At the request of the Jewish Center Division of the National
Jewish Welfare Board, the Council made a self-evaluation of its
activities. By and large it expressed satisfaction with its program,
although reservations were expressed concerning both
In Jewish
Bookland
and the
Jewish Book Annual.
Both of these publications
are still under consideration as to their future character.
ANNUAL MEETING
Dr. Abraham J. Heschel, author of
Man is Not Alone
and
The Earth is the Lord'si
was the main speaker at the Annual
Meeting of the National Committee of the Council which was
held on May 16, 1951, at the Jewish Museum in New York City.
He delivered a stimulating address on “Architecture of Time.”
Dr. Joshua Bloch of the New York Public Library was presented
with a testimonial of appreciation in recognition of his unique
contribution to Jewish literature and of his generous support to
the ideals and goals of our Council. The testimonial read in part:
“Dr. Joshua Bloch — rabbi, librarian, bibliographer, editor and
author — has served the Jewish Book Council of America since
its inception, as a faithful member of the Executive Board, a
learned contributor to the Jewish Book Annual, and a cooperative
participant in the Council’s numerous activities. As chief of the
Jewish Division of the New York Public Library, he has made
available his rich resources of Jewish literature and information
to many scholars, authors, students, and laymen.”

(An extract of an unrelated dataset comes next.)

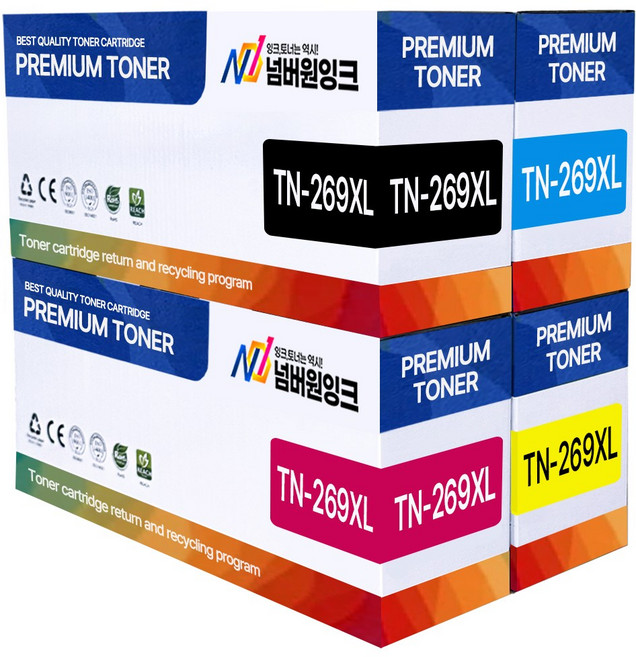 브라더 호환 TN-269XL 대용량 재생토너 HL-L3220CW MFC-L3760CDW DCP-L3520CDW, 1개, 5. 4색세트 대용량 (검정,파랑,빨강,노랑)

Dr. Mortimer J. Cohen, in his presidential address, said in part:
“With the increasing mechanization of our lives, we become
more and more passive observers of the passing scene. In the
world of sports, in the arts, and even in politics, we have become
accustomed to pay the admission price but to let others act and
do the work. That is why undoubtedly there has been a gradual
loss of interest in the Book, because the Book requires an active
participation and an active struggle with the spirit of the author
to understand his thought, to master it, if need be, to overcome it.
Reading is a serious discipline of the spirit that exacts affirmations
and cooperation of both reader and author. This is why the Book
is the true symbol of vital civilization. This is why the Jewish
Book and the Jewish people have become inextricably intertwined
in each other’s destiny.”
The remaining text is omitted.